Brief descriptive captions:
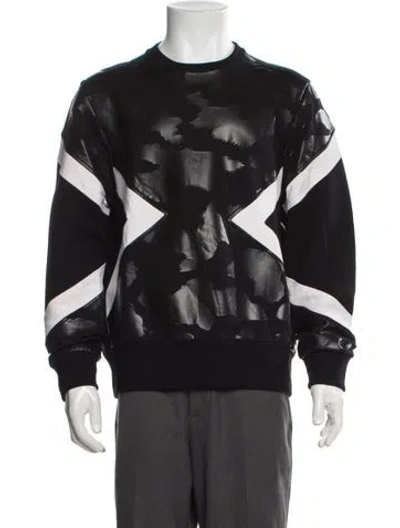 Pre-owned Neil Barrett Graphic Print Crew Neck Sweatshirt In Black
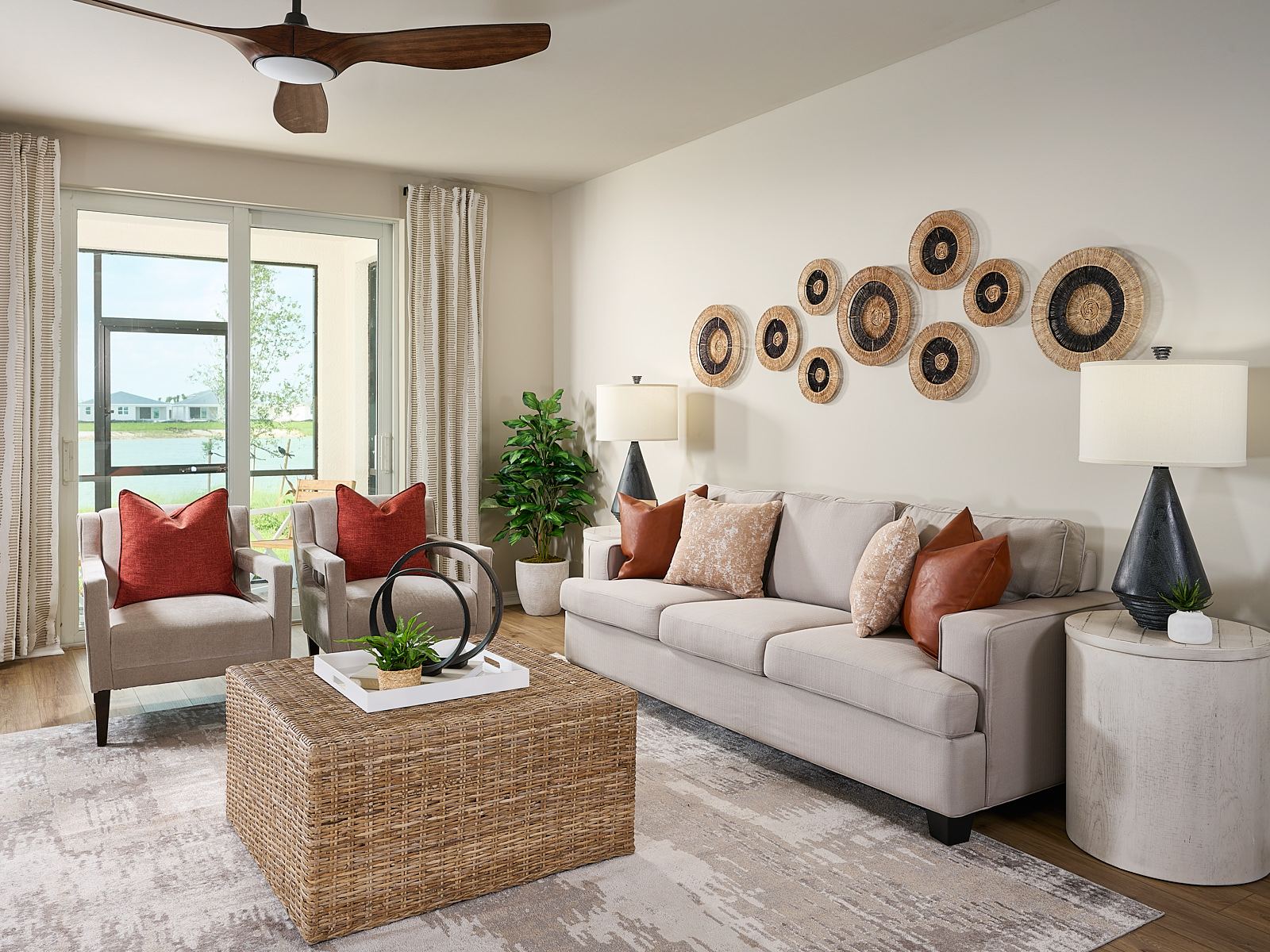 Family room in the Canary floorplan modeled at Crescent Lakes at Babcock Ranch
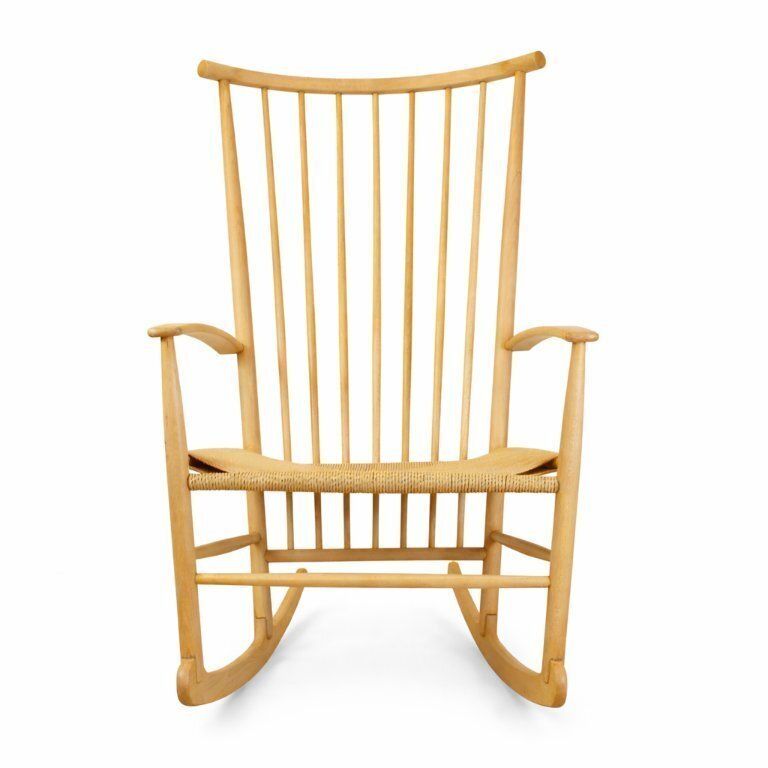 Vintage Hans Wegner Style Rocking Chair, 1960s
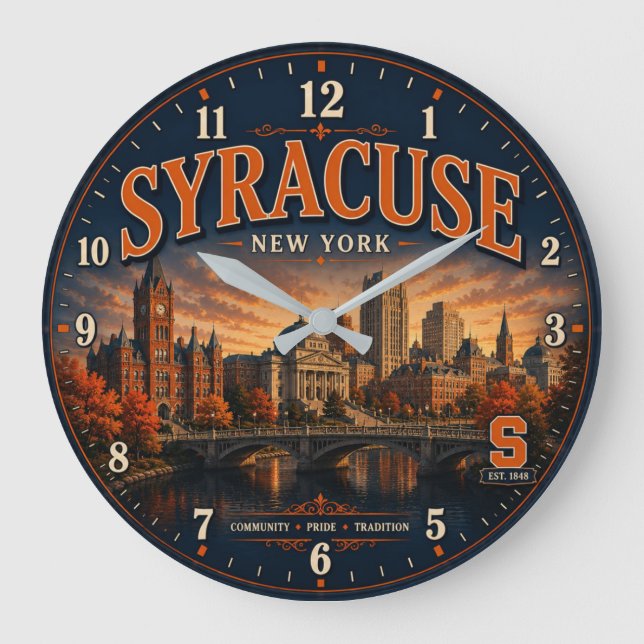Syracuse New York Große Wanduhr (Vorderseite)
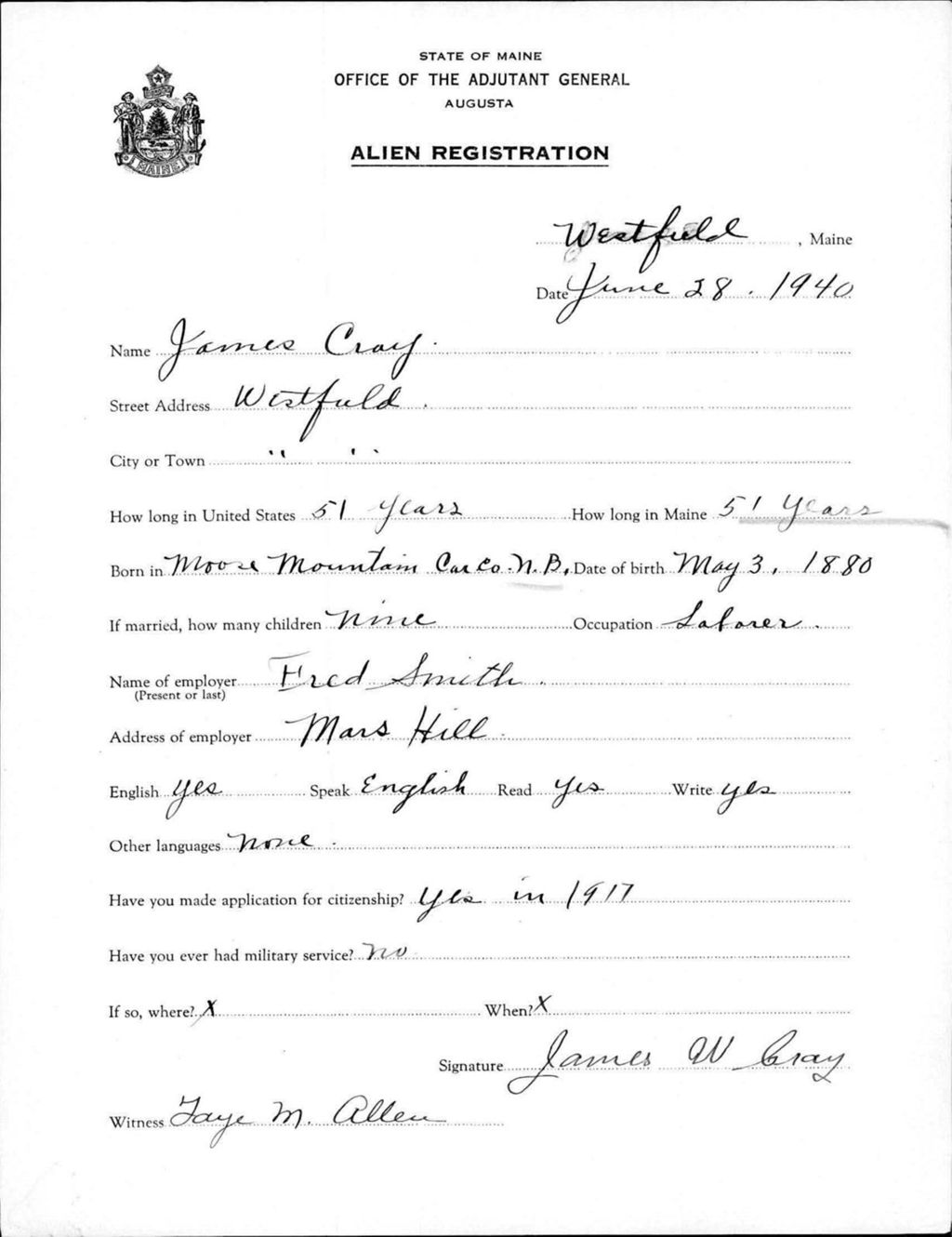 Miniature of Alien Registration- Cray, James (Wade, Aroostook County)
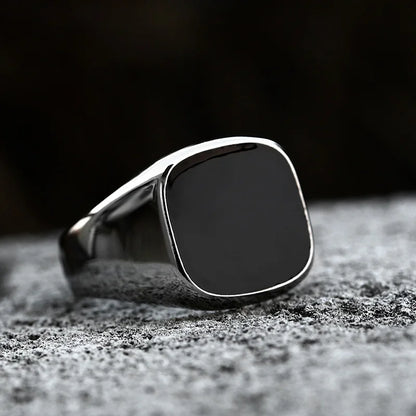 Square black onyx signet ring stainless steel men jewelry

» **Try it**
All that should appear in the response is the run of lines from the one with "Family room in" through the final line of the records, restated exactly, with pictures omitted.

» **Response for this exercise**
 Family room in the Canary floorplan modeled at Crescent Lakes at Babcock Ranch
 Vintage Hans Wegner Style Rocking Chair, 1960s
Syracuse New York Große Wanduhr (Vorderseite)
 Miniature of Alien Registration- Cray, James (Wade, Aroostook County)
 Square black onyx signet ring stainless steel men jewelry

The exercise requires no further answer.